David Bennett Sr., the first man to receive a heart transplant from a pig, passed away just two months after the historic procedure on Tuesday. He was 57 years old.
Bennett received the historic transplant, which used a genetically modified pig heart, on January 7. The historic procedure represented a major milestone for animal to human transplantation.
According to an obituary released on Wednesday by the University of Maryland School of Medicine, where Bennett received the transplant, his condition began to worsen a few days ago.
The last days of his life were spent in palliative care with his family at his side.
Doctor who conducted surgery “devastated” at loss of David Bennett Sr.
Dr. Bartley P. Griffith, who conducted the surgery at the University of Maryland Medical Center (UMMC), expressed his sadness at Bennett’s loss:
“We are devastated by the loss of Mr. Bennett. He proved to be a brave and noble patient who fought all the way to the end. We extend our sincerest condolences to his family,” he expressed.
“Mr. Bennett became known by millions of people around the world for his courage and steadfast will to live,” stated Griffith, who is the Thomas E. and Alice Marie Hales Distinguished Professor in Transplant Surgery and Clinical Director of the Cardiac Xenotransplantation Program at the University of Maryland School of Medicine.
His son, David Bennett Jr., expressed his thanks to the medical team that made the procedure to extend his father’s life possible.
“We are profoundly grateful for the life-extending opportunity provided to my father, David Bennett Sr. by Dr. Griffith, Dr. Mohiuddin, Dr. Alison Grazioli and the stellar team at the University of Maryland School of Medicine and the University of Maryland Medical Center. Their exhaustive efforts and energy, paired with my dad’s insatiable will to live, created a hopeful environment during an uphill climb.
“Up until the end, my father wanted to continue fighting to preserve his life and spend more time with his beloved family, including his two sisters, his two children, and his five grandchildren, and his cherished dog Lucky. We were able to spend some precious weeks together while he recovered from the transplant surgery, weeks we would not have had without this miraculous effort,” he wrote.

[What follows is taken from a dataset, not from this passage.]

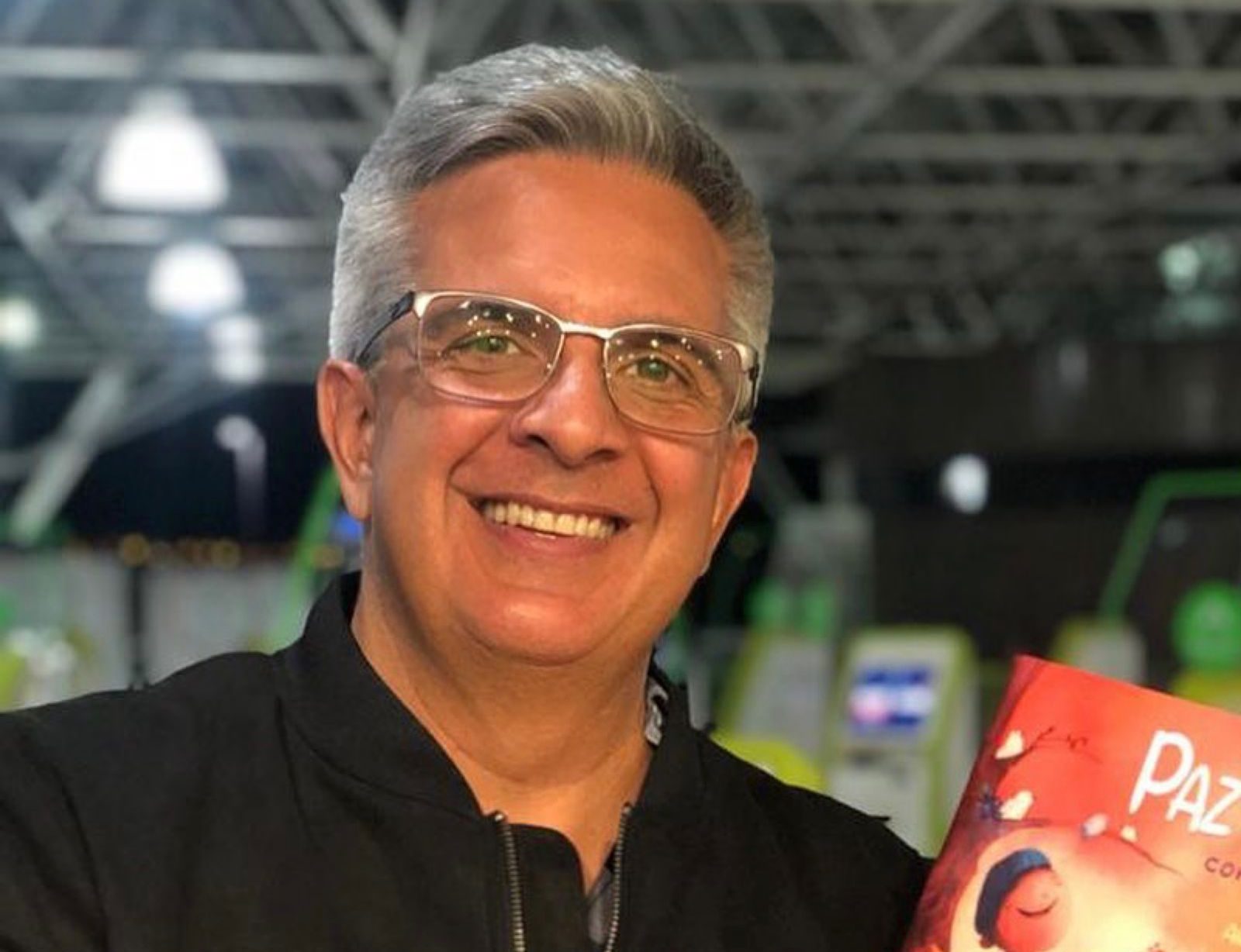 Homem de óculos e cabelo grisalho sorri e mostra livro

Pig heart transplant provided last hope for Bennett
Before his surgery, Bennett had been deemed ineligible for human transplant — a decision that is often taken when the recipient has very poor underlying health.
In October, when he first arrived at UMMC, Bennett was bedridden and could not live without a extracorporeal membrane oxygenation machine, or a heart-lung bypass machine.
As he was not eligible for a human heart transplant, surgeons at UMMC proposed the use of a genetically-modified pig heart, and informed Bennett of all the risks of the cutting-edge procedure. Bennett accepted them.
The Food and Drug Administration (FDA) then granted emergency authorization for the surgery on New Year’s Eve, as a last-ditch effort for a patient who was unsuitable for a conventional transplant.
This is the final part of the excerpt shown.